Thursday, January 12, 2023

You Will Not Recognize Me

OK, motherfuckers - I got some time today.

Got the day off. Thank fucking Christ. 

I am trying to fill my brain up with the realization that the shit I whine about is petty. Less than petty. Is there a more humiliating word than petty? Frivolous? Narrow-minded? Pathetic? There it is. Pathetic.

The things I whine about are pathetic.

I am trying to rearrange my thinking; get my view of the world right - realistic.

Hence the admission that children with cancer are far worse off than me. I need to think about that every time I complain about how fat or tired or poor I am.

Damar Hamlin. He is another reality I need to compare myself to. The man was living his dream - living his fucking dream - and he almost died. He may never play football again. Yet he remains positive. He is now raising money for first responders and the University of Cinncinnati Medical Center in appreciation. Instead of feeling sorry for himself.

Michael J. Fox. I am currently reading his most recent book - No Time Like The Future - An Optimist Considers Mortality.

I understand he has Parkinson's - I had no understanding how pervasive it's effects are until I started reading this book. This disease makes his life a living hell - every fucking movement has to be planned out, thought about in advance and executed carefully. Or he falls. Just walking around the corner from his apartment is like executing a military maneuver.

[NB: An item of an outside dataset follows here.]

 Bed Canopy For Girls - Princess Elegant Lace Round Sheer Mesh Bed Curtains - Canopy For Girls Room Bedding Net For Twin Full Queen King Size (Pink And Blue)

He has fallen many times and injured himself many times. Yet he keeps on trying.

And, in 2018, he had a tumor removed from his spine in a delicate and dangerous operation. The tumor was unrelated to Parkinson's. The surgery could have left him paralyzed, but he got through it, although he had to learn to walk all over again. With Parkinson's sabotaging his movements.

And the man remains positive.

Children with cancer fight, Damar Hamlin fights, Michael J. Fox fights. Millions of people fight every day against a million different roadblocks.

My life is not even close to what I thought it would be, but it is pretty fucking comfortable. Carol has triumphed over breast cancer and a brain tumor. I am beating melanoma and prostate cancer. We are alive and kicking. We have Keith and Krista and Craig and Amanda.

My thinking is coming around. I have embarrassed myself with a few bouts of whining already in 2023, but I immediately recognize how pathetic I sound and burn that fact into my brain.

I will overcome my self-pity. I am on the road to becoming the best man I possibly can.

You will not recognize me when I get there.